[Stored data]
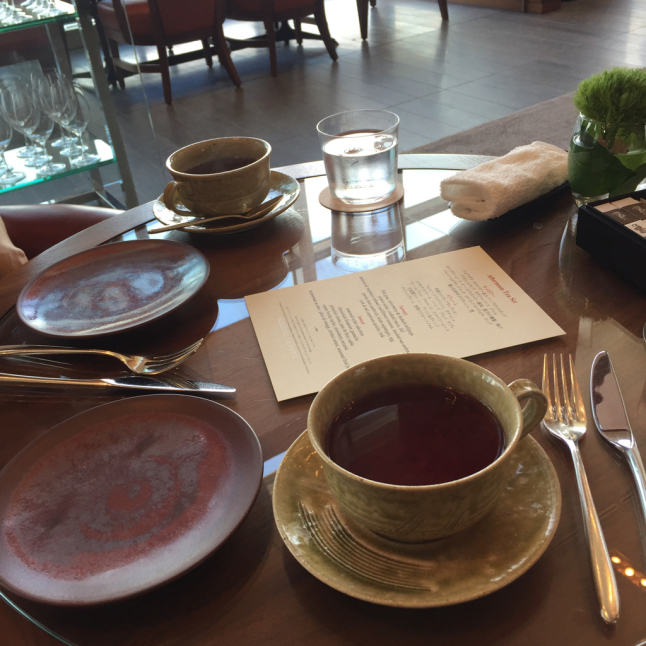 素敵な時間を〜Afternoontea@Andaz Tokyo_b0349673_17491021.jpg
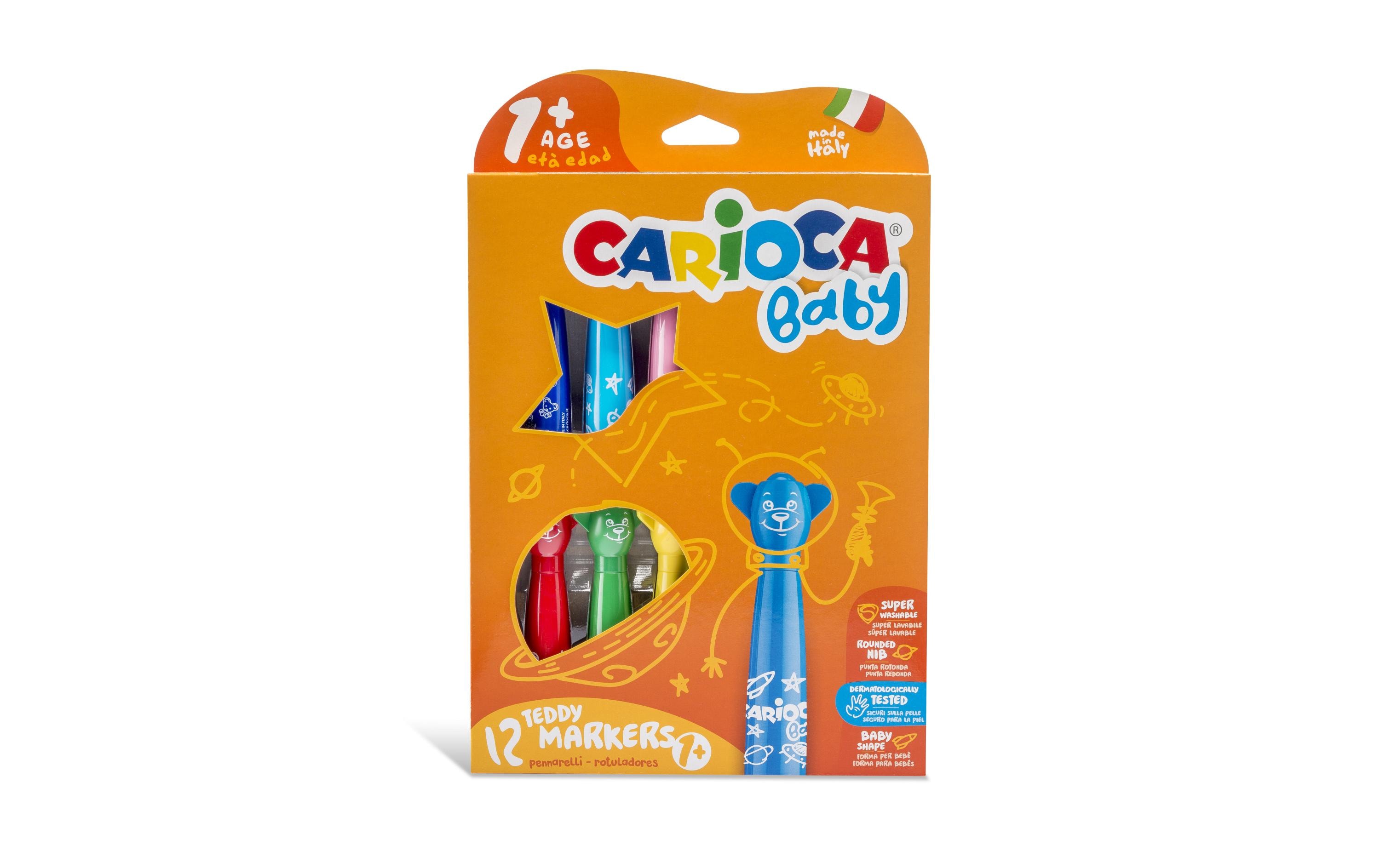 Carioca Baby Teddy 1+ 12 Stück, Mehrfarbig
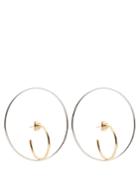 Charlotte Chesnais Saturn Large Silver And Gold-plated Earrings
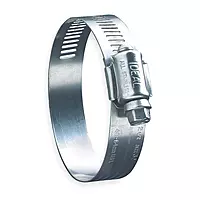 Ideal 6844 68 Series, 15/16" - 3-1/4" Diameter, Stainless Steel HY-Gear 9/16" Worm Drive Hose Clamp (Box of 10)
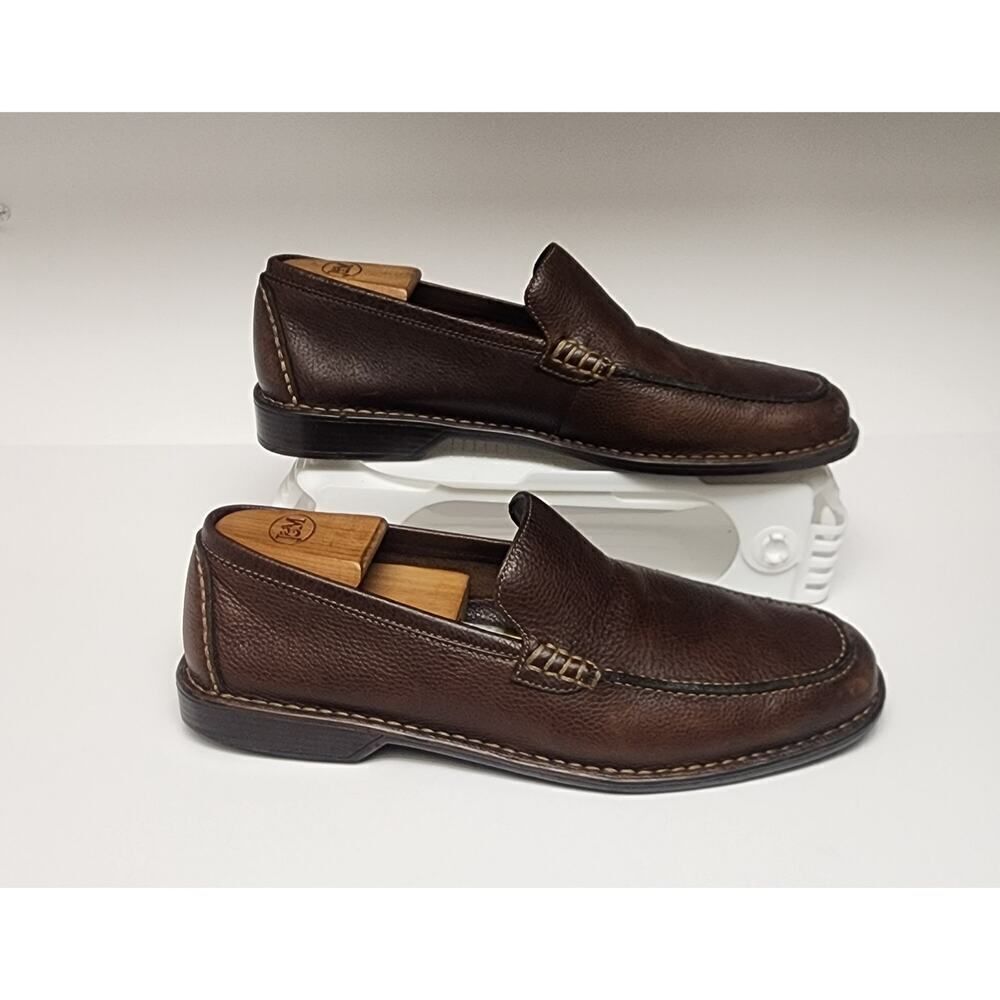 Rockport AMP24674 Kinetic Air Circulation Men's Brown Leather Loafer Shoes 10.5M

[What you will do] Word for word and without pictures, please write out only the lines from the start of the entries through the line containing "Charlotte Chesnais Saturn", both included.

[Exercise output]
 素敵な時間を〜Afternoontea@Andaz Tokyo_b0349673_17491021.jpg
 Carioca Baby Teddy 1+ 12 Stück, Mehrfarbig
 Charlotte Chesnais Saturn Large Silver And Gold-plated Earrings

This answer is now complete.